For most landscape photographers, including myself, it’s all about being in the right place at the right time, seemingly easy you’d think but quite the opposite. With ever-changing conditions, it doesn’t matter how good the forecast is, it tells you nothing about how good the conditions might be for a sunrise and the same for a sunset. I guess I’ve always ventured out with the thought process, ‘Nothing ventured, nothing gained’ so if you’re not out there trying, it’s better than not being out there at all. Photographing landscapes with all this in mind, is one of, if not, the most challenging of all the photography forms.
Sunrises and sunsets are the pinnacles of each day for shooting landscapes, but with those places providing epic scenery and multiple layers, they can be often difficult to reach; that’s when a photography overnight comes in.

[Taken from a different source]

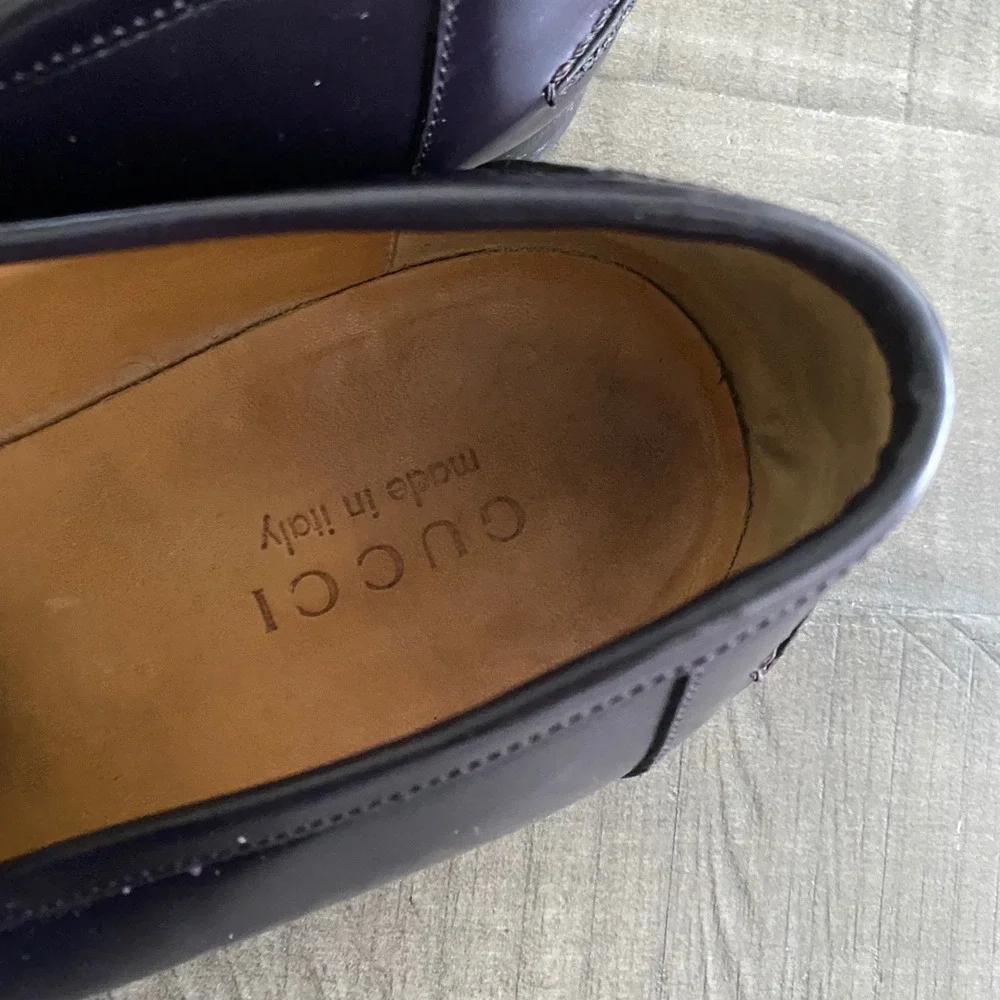 Gucci Mens Horsebit Loafers Dark Purple Leather Classis Dress Shoe Size 10.5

Planning, preparation and execution are key, for the more variables you can take away and plan for, the more confident and informed you will be. A photography overnight often entails walking/trekking/hiking to the desired location the day or evening prior, to ensure you get to witness both the sunset and sunrise in that particular location.
With many things to plan for and prepare, I’ve put together a list of 5 factors to consider when planning your next photography overnight.

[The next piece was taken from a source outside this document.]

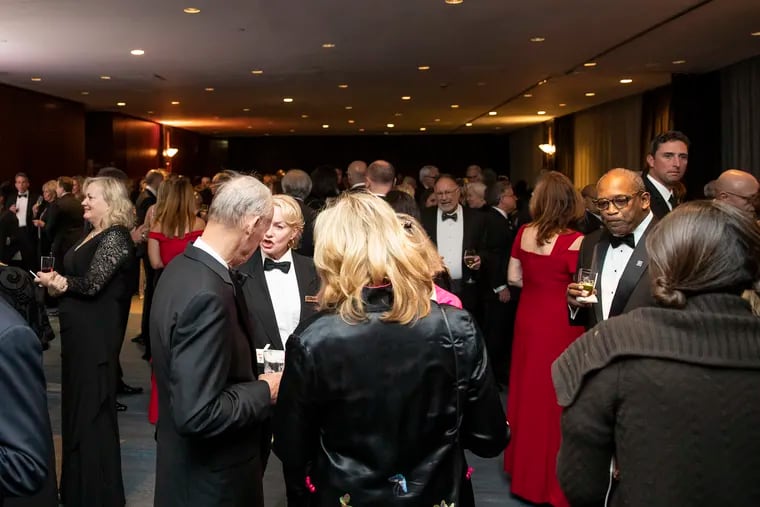Guests mill about during cocktail hour at the New York Hilton Midtown before the start of the Pennsylvania Society’s 121st Annual Dinner in December 2019.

This really comes into play if you’re looking into shooting night photography. It’s a common mistake and one I’ve personally made heading into a trip to not check the moon phase, for If you’re looking to shoot the milky way when the moon phase is full moon, you may be wasting your time. Often the locations you’re preparing for and trekking to are away from civilisation and so with little or much less light-pollution, you may be in luck of an incredible nights sky view when the moon phase is very little or even a new moon.
Layers and angles
Landscape photography can be very subjective and that’s what is so great about it, everyone’s creativity and look is different. When preparing for an overnight, I like to choose somewhere that has various angles, as I don’t want to be returning home with just 1 scene in several variations. Layers are highly important, which can mean laying low or getting up high, anything to fill out the image with detail whether it be forests, lakes or mountains and peaks.